Q: What aspects of U.S.-GCC cooperation are looked upon favorably by citizens of the Gulf Cooperation Council (GCC) countries (the GCC is comprised of Bahrain, Kuwait, Qatar, Oman, Saudi Arabia, and the United Arab Emirates)?

President George W. Bush and Saudi Arabia's Crown Prince Abdullah meeting at Bush's ranch in Crawford, Texas, April 25, 2005.

President George W. Bush and Saudi Arabia’s Crown Prince Abdullah meeting at Bush’s ranch in Crawford, Texas, April 25, 2005.

John Duke Anthony: GCC citizens, almost without exception, are aware of and deeply grateful for the effective United States external defense umbrella over the GCC’s member-countries. The 1979 Access to Facilities Agreement between the United States and Oman, the four separate Defense Cooperation Agreements (DCAs) between the United States and Bahrain, Kuwait, Qatar, and the United Arab Emirates, and the much older and more multifaceted defense undertakings and understandings between the United States and Saudi Arabia have arguably proven effective.

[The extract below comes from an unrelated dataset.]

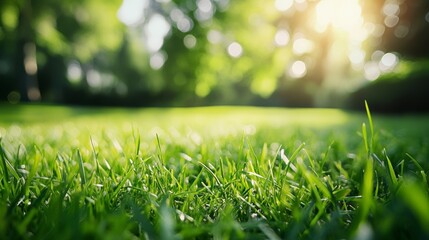 Poster - Close-up of vibrant green grass in a sunlit park.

Rather than accept such a statement at face value, one would be right to ask, “By what standard?” If asked, an accurate response would be “if measured against the fact that there has not been an attack on any of the GCC countries since the agreements, understandings, and undertakings were entered into following the restoration to Kuwait of its national sovereignty, political independence, and territorial integrity upon the reversal of Iraq’s aggression in February 1991.”

In concept and enactment, the DCAs were not entirely original. They built upon earlier British protected-state treaties dating from the first half of the 19th century that lasted until their abrogation in 1971.  Viewed together – tellingly, despite the absence of such arrangements in the period spanning two decades from December 1, 1971 to Iraq’s August 2, 1990 invasion of Kuwait, which was the one exception – the two successive international arrangements have succeeded in deterring adversaries while simultaneously strengthening and expanding the defense capacities of the GCC countries against external intimidation and attack.

In addition, the older and lower profile educational, commercial, and other private sector dimensions of the GCC countries-U.S. relationship are not only intact. In spite of general impressions implying the opposite, they are at their most robust level ever. Youth and adults alike, and especially the hundreds of thousands of GCC country graduates from American colleges and universities, remain partial to U.S. science and technology, and eager to be ongoing beneficiaries of the fruits of North American education, research, and development.

Examples include the continued provision of advanced medicines, the administration of quality health care systems and facilities, the transfer of state-of-the-art technology in the realms of information and telecommunications structures, systems, and equipment, and the utilization of American-manufactured aircraft and automobiles as well as trade in a broad range of goods and services.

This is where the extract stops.